Yapay zekâ, bilgisayarların, belli bir seviyede bilişsel yeteneklere sahip olmasını sağlayan donanım ve yazılımların tasarlanması ve geliştirilmesiyle ilgilenen bir bilim dalıdır. Yapay zekâ, bilgisayarların, karmaşık problemleri çözmek, çok büyük verileri analiz etmek, karar vermeyi öğrenmek, akıl yürütmek ve insan benzeri davranışları taklit etmek gibi yeteneklere sahip olmasını amaçlar. Bilgisayarların erişeceği zekâ seviyesinin neresi olacağı ise şu anda en fazla tartışılan konudur

Yapay zekâ sistemleri, verileri işleyerek bilgi desenlerini, ilişkileri ve trendleri tespit etme yeteneğine sahip olabilirler. Bu sistemler, genellikle makine öğrenmesi ve derin öğrenme gibi teknikler kullanarak, büyük miktardaki veriyi analiz ederek öğrenme sürecinden geçerler. Verilerin üzerinde yapılan analizlerle, gelecekteki olayları tahmin etme, karar verme süreçlerinde yardımcı olma veya belirli bir görevi yerine getirme gibi yeteneklere sahip olabilirler.

Yapay zekanın kullanım alanları oldukça geniştir. Örneğin, görüntü tanıma alanında yapay zekâ sistemleri, nesneleri tanıma ve sınıflandırma yetenekleriyle öne çıkar. Doğal dil işleme alanında ise, metinleri anlama, dil çevirisi, metin tabanlı soruları cevaplama gibi görevleri yerine getirebilirler. Bunun günümüzdeki en yaygın ve bilinen kullanımı ChatGPT adlı uygulamadır. ChatGPT şu ana kadar dünyada en hızlı yayılan ve kullanılan uygulama olarak tarihe geçmiştir. Ayrıca, otomasyon, robotik, oyun stratejileri, finansal analiz, sağlık teşhisi gibi birçok sektörde yapay zekâ teknolojileri kullanılmaktadır.

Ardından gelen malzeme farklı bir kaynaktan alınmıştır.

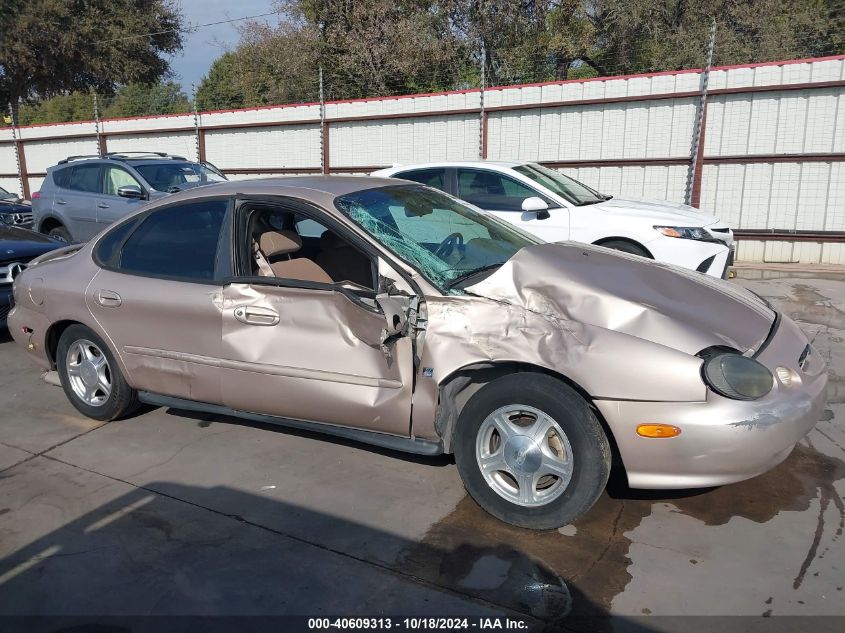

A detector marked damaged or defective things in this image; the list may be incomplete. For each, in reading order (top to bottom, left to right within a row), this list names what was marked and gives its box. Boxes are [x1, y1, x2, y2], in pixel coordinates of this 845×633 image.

damaged door [219, 282, 414, 434]
damaged ford taurus [6, 178, 824, 528]
shattered windshield [332, 183, 536, 292]
crushed hood [464, 242, 776, 356]
crushed hood [592, 199, 720, 228]
crumpled front end [592, 316, 824, 488]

Yapay zeka, birçok alanda önemli gelişmeler kaydetmektedir. Özellikle derin öğrenme ve makine öğrenme tekniklerinin ilerlemesiyle, daha karmaşık görevlerde daha yüksek başarı oranları elde edilebilmektedir. Yapay zeka alanının bir alt kırılımı olan makine öğrenimi, sistemlerin açıkça programlanmadan verilerden öğrenmesine olanak tanıyan bir yapay zeka türüdür. Bu, sisteme büyük miktarda veri beslenerek ve verilerdeki kalıpları ve ilişkileri tanımlaması ve öğrenmesi bir çok algoritma kullanılarak. Sistem bu kalıpları öğrendiğinde, bunları tahminlerde bulunmak veya kararlar almak için kullanabilir. Öğrenme işlemi ne kadar başarılı ise yapay zeka sisteminin aldığı kararlar da o kadar doğru ve güvenilir olur. Öğrenme sürecindeki olası yanlışlıklar ve yetersizlikler yapay zekanın da yanlış veya en azından yanlı kararlar vermesine sebep olabilir.

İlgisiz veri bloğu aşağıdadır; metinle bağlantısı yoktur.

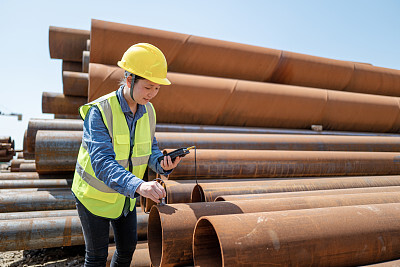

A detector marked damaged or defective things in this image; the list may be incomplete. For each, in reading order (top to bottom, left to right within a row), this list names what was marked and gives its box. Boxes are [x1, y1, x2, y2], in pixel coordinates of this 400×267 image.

rusty steel pipe [48, 25, 89, 62]
corroded metal surface [48, 25, 89, 62]
corroded metal surface [89, 19, 400, 98]
rusty steel pipe [91, 19, 400, 97]
corroded metal surface [41, 92, 86, 116]
rusty steel pipe [42, 92, 87, 115]
rusty steel pipe [62, 71, 88, 97]
corroded metal surface [63, 70, 88, 97]
rusty steel pipe [89, 63, 400, 133]
corroded metal surface [89, 63, 400, 134]
corroded metal surface [26, 118, 83, 154]
rusty steel pipe [26, 119, 83, 155]
corroded metal surface [35, 131, 81, 174]
rusty steel pipe [35, 131, 81, 175]
rusty steel pipe [166, 151, 400, 180]
corroded metal surface [169, 151, 400, 180]
rusty steel pipe [0, 192, 75, 213]
corroded metal surface [0, 191, 75, 214]
rusty steel pipe [193, 177, 400, 202]
corroded metal surface [193, 177, 400, 202]
rusty steel pipe [0, 214, 148, 253]
corroded metal surface [0, 214, 148, 253]
rusty steel pipe [148, 193, 400, 267]
corroded metal surface [148, 193, 400, 267]
rusty steel pipe [192, 204, 400, 266]
corroded metal surface [193, 205, 400, 266]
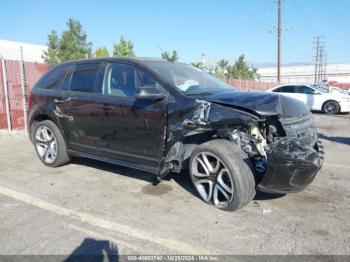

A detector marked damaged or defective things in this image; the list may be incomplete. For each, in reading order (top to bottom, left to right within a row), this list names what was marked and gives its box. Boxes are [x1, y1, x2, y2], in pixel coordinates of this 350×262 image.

damaged black suv [28, 57, 324, 211]
damaged front bumper [256, 139, 324, 194]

Yapay zekâ sağlık, finans, otomotiv, üretim, e-ticaret gibi birçok sektörde kullanılmaktadır. Örneğin, sağlık sektöründe yapay zekâ, teşhis ve tedavi planlamasında yardımcı olabilecek sistemler geliştirmek için kullanılmaktadır. MRI üstünden akciğer kanseri tanımında ise insanlardan daha büyük başarı elde etmektedir. Finans sektöründe, risk değerlendirmesi ve yatırım stratejileri gibi konularda yapay zekâ kullanılarak daha doğru ve verimli sonuçlar elde edilebilir. Dünyaca ünlü Beatles grubunun son bestesi yapay zekâ yardımı ile tamamlanmıştır. Bilindiği gibi grubun 2 üyesi John Lennon ve George Harrison vefat etmişlerdi. 

Ancak yapay zekanın gelişimiyle birlikte bazı zorluklar ve etik sorunlar da ortaya çıkmaktadır. Örneğin, otomasyonun iş gücü üzerindeki etkisi, veri mahremiyeti, şeffaflık, tarafsızlık, güvenlik ve ahlaki sorunlar gibi konular önem taşımaktadır. Bu nedenle, yapay zeka alanında etik ve sosyal sorumluluk ilkeleri de göz önünde bulundurulmalıdır. Özellikle etik, güvenlik ve mahremiyet gibi konular önemlidir. Bu alanlarda da ülkelerin  ve kuruluşların en önemli gündemlerinde yer almaktadır. Avrupa Birliği bir Yapay Zeka Kanunu üstünde çalışmaktadır, yakında üye ülkelerle de tartışılmaya başlanacak ve 2024 yılından önce yürürlüğe girmesi bekleniyor. Batı dünyası ülkelerinden İtalya’da ChatGPT yasaklandı. Birleşik Arab Emirlikleri’nde ise şimdiden bir yapay zeka bakanlığı kurulduğunu tekrar hatırlatalım.

Sonuç olarak, yapay zekâ hala gelişmekte olan bir alan olup, birçok potansiyeli barındırmaktadır. Yapay zekâ nükleer güç gibidir, faydalı işler için de kullanılabilir, kontrolsüz bırakılırsa zararlı işler de yapabilir. Araştırmalar ve teknolojik ilerlemeler devam ettiği sürece, yapay zekâ alanında daha da büyük ilerlemeler beklenmelidir. Yapay zekadaki gelişmelerin önüne geçmeye çalışmak yerine yapay zekanın ne olduğunu tam olarak anlamak ve bilinçli bir şekilde yapay zekaya hâkim olmak, yapay zekayı insanlığa faydalı olacak şekilde kullanabilmek daha doğru bir yaklaşım olur.